NEW YORK — ERS Genomics said on Tuesday that a CRISPR patent held by the company has been upheld by the European Patent Office (EPO).
Dublin-based ERS was founded to provide access to CRISPR-Cas9 intellectual property held by Emmanuelle Charpentier. This CRISPR IP is shared between her, Jennifer Doudna and the University of California, and the University of Vienna, and is separate from genome editing patents held by the Broad Institute.
ERS said that one of the patents controlled by the company — European patent No. 3,401,400, which covers methods and compositions of using CRISPR-Cas9 to modify DNA and regulate gene activity in eukaryotic cells and was issued in 2019 — had been challenged for allegedly lacking novelty and inventiveness.
While the EPO had been asked to revoke the patent in its entirety, the agency’s opposition division rejected the request and upheld the patent with minor modifications to its claim language that account for European rules applying to restrictions involving human germ cells and embryos, ERS said.
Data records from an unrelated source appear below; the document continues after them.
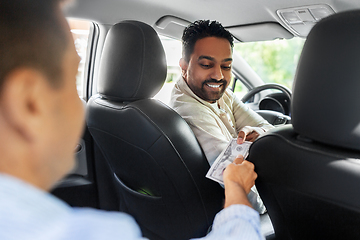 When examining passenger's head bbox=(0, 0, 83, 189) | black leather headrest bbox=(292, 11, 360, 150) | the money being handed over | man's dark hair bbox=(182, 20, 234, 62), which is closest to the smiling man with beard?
man's dark hair bbox=(182, 20, 234, 62)

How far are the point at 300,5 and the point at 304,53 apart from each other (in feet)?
3.78

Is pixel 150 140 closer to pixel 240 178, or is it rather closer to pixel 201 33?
pixel 240 178

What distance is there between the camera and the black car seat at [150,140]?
57.3 inches

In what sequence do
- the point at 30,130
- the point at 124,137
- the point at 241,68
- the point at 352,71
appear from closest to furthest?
the point at 30,130 → the point at 352,71 → the point at 124,137 → the point at 241,68

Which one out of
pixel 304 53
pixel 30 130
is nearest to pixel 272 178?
pixel 304 53

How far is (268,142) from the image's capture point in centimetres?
112

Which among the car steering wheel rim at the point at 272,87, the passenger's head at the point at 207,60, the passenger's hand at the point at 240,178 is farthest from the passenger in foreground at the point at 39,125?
the car steering wheel rim at the point at 272,87

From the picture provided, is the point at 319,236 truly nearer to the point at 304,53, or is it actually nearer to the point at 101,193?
the point at 304,53

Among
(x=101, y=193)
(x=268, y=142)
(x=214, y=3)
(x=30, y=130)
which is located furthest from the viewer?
(x=101, y=193)

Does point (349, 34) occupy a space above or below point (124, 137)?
above

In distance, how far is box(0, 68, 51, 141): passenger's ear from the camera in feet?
1.34

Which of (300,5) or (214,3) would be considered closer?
(300,5)

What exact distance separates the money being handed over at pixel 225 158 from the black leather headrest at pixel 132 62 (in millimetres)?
497

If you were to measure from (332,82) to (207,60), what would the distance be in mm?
1062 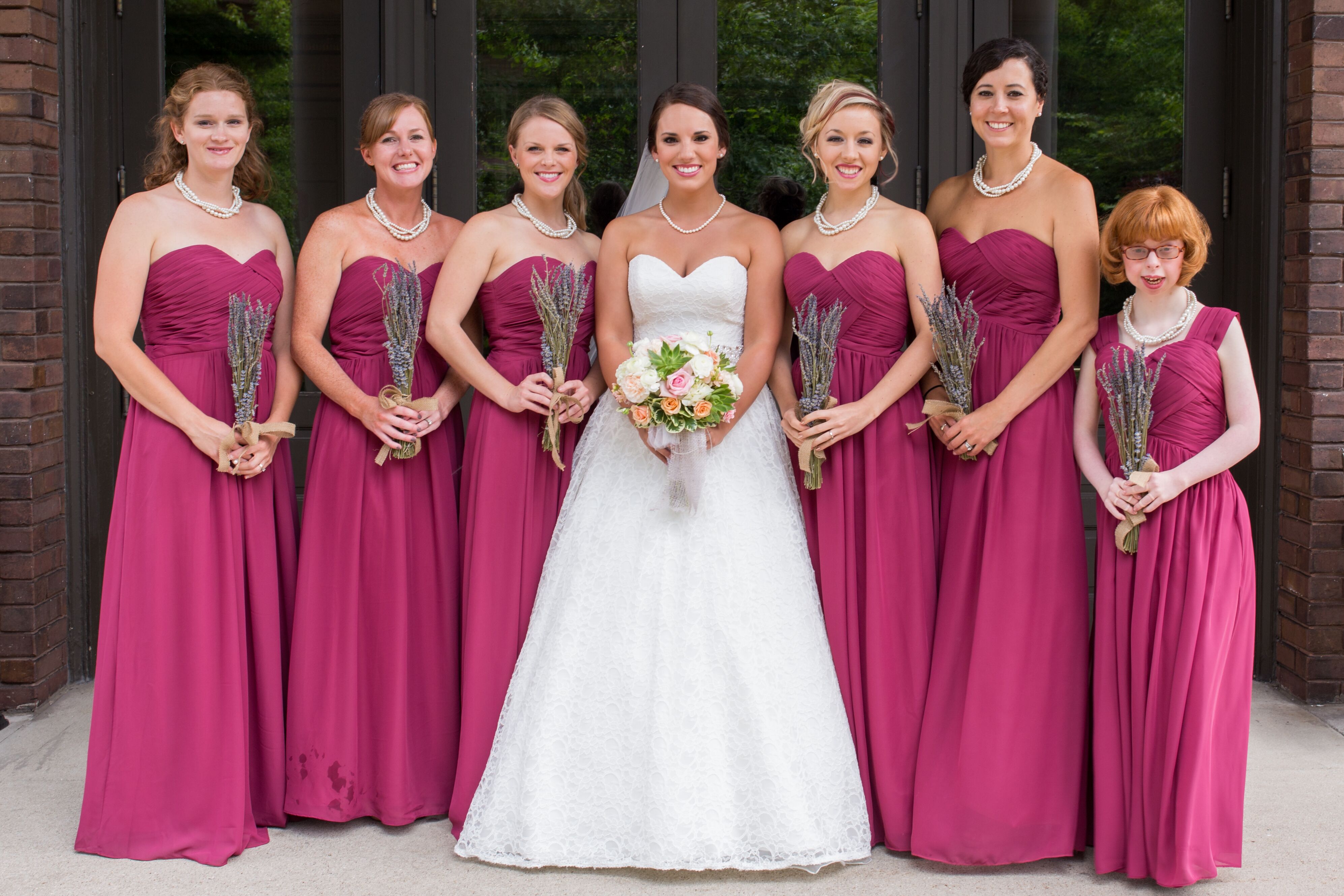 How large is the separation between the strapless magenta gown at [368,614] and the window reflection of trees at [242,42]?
172 centimetres

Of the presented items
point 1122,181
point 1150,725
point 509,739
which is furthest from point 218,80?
point 1122,181

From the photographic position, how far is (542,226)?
150 inches

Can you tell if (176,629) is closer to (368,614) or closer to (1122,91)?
(368,614)

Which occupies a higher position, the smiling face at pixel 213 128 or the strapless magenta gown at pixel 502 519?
the smiling face at pixel 213 128

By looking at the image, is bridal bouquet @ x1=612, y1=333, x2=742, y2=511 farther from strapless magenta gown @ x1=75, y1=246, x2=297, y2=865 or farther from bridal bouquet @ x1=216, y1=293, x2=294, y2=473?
strapless magenta gown @ x1=75, y1=246, x2=297, y2=865

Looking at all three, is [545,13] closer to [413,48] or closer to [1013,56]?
[413,48]

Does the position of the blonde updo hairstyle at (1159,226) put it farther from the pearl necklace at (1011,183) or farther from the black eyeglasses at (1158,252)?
the pearl necklace at (1011,183)

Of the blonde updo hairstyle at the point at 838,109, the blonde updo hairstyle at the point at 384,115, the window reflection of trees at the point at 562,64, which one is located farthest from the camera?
the window reflection of trees at the point at 562,64

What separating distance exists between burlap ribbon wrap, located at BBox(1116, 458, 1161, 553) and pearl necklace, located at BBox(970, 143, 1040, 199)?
3.10 ft

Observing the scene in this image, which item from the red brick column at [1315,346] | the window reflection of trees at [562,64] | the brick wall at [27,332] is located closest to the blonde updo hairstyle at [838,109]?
the window reflection of trees at [562,64]

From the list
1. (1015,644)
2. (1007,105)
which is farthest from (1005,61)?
(1015,644)

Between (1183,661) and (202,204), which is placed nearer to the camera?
(1183,661)

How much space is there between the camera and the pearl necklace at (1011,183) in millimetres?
3525

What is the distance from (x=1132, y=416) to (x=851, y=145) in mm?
1174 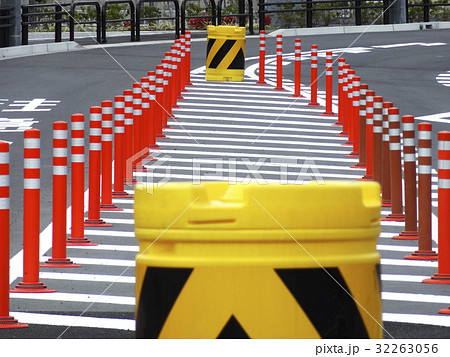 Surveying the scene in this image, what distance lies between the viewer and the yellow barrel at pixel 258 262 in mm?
4582

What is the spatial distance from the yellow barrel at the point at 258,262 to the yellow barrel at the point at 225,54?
19.8 meters

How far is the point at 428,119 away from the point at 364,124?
465 cm

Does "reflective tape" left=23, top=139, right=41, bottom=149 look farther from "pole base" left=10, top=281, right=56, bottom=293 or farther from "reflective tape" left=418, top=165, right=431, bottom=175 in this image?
"reflective tape" left=418, top=165, right=431, bottom=175

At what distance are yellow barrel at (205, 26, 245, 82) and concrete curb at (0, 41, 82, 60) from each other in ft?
29.2

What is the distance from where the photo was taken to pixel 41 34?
1945 inches

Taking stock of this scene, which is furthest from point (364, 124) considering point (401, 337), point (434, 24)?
point (434, 24)

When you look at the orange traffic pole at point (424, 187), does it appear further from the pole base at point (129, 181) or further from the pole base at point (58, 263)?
the pole base at point (129, 181)

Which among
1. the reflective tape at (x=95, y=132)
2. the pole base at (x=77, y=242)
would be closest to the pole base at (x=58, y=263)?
the pole base at (x=77, y=242)

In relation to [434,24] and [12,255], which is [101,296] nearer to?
[12,255]

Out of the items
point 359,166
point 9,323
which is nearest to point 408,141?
point 9,323

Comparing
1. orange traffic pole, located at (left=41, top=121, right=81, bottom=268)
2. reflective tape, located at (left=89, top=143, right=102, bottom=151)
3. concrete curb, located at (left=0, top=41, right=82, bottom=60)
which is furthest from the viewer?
concrete curb, located at (left=0, top=41, right=82, bottom=60)

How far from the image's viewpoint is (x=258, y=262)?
4570mm

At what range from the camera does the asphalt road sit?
18.1m

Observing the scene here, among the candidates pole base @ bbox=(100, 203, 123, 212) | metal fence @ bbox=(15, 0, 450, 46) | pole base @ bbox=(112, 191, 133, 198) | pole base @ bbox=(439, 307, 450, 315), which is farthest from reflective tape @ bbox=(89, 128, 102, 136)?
metal fence @ bbox=(15, 0, 450, 46)
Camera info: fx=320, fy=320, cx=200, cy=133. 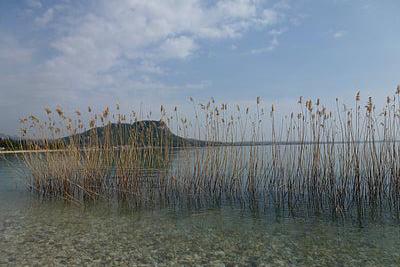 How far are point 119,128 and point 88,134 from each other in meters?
0.94

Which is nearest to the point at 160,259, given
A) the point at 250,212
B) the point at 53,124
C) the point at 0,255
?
the point at 0,255

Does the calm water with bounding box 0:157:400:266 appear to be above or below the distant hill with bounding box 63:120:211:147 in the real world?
below

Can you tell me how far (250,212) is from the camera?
18.4 ft

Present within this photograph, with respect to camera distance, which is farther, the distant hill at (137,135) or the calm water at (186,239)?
the distant hill at (137,135)

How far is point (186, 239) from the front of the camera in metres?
4.22

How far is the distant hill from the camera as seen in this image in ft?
21.6

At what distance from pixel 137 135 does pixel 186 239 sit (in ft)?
9.90

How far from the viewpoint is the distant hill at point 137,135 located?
658 centimetres

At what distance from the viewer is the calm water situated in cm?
350

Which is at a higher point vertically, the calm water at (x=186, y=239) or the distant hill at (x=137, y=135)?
the distant hill at (x=137, y=135)

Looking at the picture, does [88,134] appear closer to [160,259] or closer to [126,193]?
[126,193]

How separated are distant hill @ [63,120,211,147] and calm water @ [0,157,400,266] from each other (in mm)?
1499

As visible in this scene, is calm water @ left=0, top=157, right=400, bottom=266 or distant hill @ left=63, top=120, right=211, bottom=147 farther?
distant hill @ left=63, top=120, right=211, bottom=147

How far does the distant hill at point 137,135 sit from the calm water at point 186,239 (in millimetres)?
1499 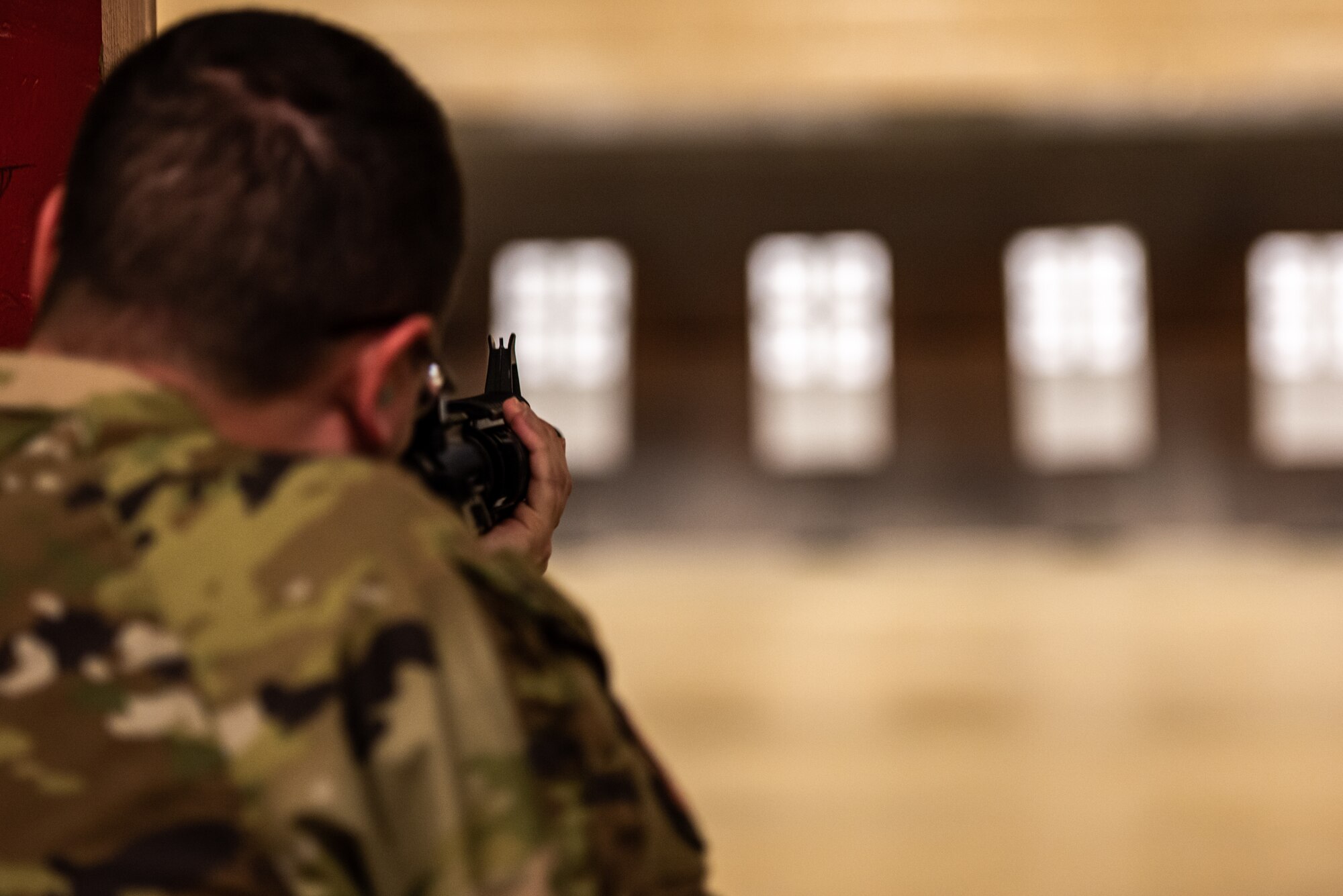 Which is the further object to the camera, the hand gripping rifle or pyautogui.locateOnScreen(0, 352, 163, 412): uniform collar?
the hand gripping rifle

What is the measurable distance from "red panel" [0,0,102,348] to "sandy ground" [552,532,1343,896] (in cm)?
214

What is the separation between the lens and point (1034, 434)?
7203 millimetres

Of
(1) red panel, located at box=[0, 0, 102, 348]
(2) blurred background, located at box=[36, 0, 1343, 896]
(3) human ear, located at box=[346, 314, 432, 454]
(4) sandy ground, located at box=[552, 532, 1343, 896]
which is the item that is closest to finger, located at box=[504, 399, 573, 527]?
(3) human ear, located at box=[346, 314, 432, 454]

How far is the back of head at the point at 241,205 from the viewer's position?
0.45 meters

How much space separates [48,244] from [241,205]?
9 centimetres

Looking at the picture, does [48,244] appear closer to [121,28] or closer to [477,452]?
[477,452]

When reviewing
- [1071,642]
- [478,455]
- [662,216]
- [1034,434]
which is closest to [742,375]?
[662,216]

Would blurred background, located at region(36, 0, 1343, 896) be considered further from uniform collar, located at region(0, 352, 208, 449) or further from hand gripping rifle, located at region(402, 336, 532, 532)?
uniform collar, located at region(0, 352, 208, 449)

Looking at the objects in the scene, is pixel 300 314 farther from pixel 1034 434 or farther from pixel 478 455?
pixel 1034 434

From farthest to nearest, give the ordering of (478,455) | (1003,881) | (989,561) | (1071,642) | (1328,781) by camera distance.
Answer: (989,561), (1071,642), (1328,781), (1003,881), (478,455)

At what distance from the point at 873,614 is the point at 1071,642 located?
0.85 m

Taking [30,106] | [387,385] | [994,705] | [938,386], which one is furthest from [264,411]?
[938,386]

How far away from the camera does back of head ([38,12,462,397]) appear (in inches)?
17.5

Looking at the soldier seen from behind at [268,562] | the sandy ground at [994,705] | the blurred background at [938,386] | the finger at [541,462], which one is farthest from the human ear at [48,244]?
the blurred background at [938,386]
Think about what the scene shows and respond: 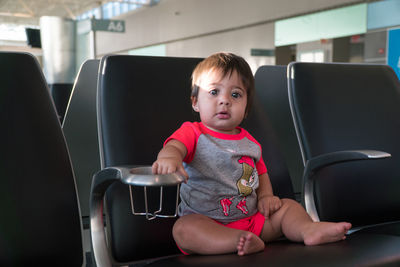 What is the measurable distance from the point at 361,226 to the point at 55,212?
0.98 metres

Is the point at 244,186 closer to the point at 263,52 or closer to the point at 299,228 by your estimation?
the point at 299,228

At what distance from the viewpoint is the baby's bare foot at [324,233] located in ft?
3.33

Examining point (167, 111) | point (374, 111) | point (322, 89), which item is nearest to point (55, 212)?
point (167, 111)

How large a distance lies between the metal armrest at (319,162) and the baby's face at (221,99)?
28cm

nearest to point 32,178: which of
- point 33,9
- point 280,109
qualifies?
point 280,109

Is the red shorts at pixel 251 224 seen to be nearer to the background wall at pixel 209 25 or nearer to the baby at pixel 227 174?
the baby at pixel 227 174

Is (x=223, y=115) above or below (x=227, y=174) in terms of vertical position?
above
"After considerable confusion with regard to these matters in the US recently, we appreciate that the EPO understands the big picture when it comes to CRISPR-Cas9 and this was, in my opinion, the only reasonable and fair outcome," ERS CEO Eric Rhodes said in a statement.
In March, the US Patent and Trademark Office found that patents held by the Broad Institute covering CRISPR-Cas9 in eukaryotic cells have priority over similar IP held by Charpentier, the University of Vienna, and the University of California.
In early 2020, the EPO upheld a separate CRISPR-Cas9 patent controlled by ERS.